- Task description -
Keep to the lines from the one with "Egg-Free Herb Bread Stuffing with Fresh Sage" through the end of the data, and write them out exactly.

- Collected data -
________________________________________

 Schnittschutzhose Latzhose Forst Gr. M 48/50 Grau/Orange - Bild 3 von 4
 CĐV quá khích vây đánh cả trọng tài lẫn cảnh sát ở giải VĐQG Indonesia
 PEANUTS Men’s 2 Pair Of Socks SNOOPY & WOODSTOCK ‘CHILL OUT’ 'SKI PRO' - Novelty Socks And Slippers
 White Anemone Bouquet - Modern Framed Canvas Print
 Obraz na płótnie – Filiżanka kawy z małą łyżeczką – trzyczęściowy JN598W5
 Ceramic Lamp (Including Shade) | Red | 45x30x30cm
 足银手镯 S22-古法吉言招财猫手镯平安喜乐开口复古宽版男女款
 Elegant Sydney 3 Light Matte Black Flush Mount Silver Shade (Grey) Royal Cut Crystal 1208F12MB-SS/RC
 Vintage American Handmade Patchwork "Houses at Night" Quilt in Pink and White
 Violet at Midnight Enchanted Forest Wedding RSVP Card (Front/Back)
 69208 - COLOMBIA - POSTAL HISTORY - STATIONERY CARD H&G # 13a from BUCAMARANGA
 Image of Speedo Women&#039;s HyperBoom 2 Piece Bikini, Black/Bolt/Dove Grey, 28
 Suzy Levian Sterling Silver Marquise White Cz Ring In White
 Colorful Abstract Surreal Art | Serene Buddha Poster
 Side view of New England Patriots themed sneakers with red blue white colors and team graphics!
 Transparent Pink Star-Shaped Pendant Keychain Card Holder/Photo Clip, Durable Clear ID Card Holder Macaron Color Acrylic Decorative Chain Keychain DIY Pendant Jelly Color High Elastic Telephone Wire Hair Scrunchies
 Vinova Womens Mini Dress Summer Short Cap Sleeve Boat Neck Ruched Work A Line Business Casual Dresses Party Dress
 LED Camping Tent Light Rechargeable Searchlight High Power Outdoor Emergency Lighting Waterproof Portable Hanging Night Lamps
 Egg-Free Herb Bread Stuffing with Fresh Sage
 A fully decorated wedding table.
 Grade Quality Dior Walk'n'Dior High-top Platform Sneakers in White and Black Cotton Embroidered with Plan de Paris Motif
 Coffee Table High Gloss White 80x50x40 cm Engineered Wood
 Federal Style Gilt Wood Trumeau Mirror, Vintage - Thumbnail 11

________________________________________

- Response -
 Egg-Free Herb Bread Stuffing with Fresh Sage
 A fully decorated wedding table.
 Grade Quality Dior Walk'n'Dior High-top Platform Sneakers in White and Black Cotton Embroidered with Plan de Paris Motif
 Coffee Table High Gloss White 80x50x40 cm Engineered Wood
 Federal Style Gilt Wood Trumeau Mirror, Vintage - Thumbnail 11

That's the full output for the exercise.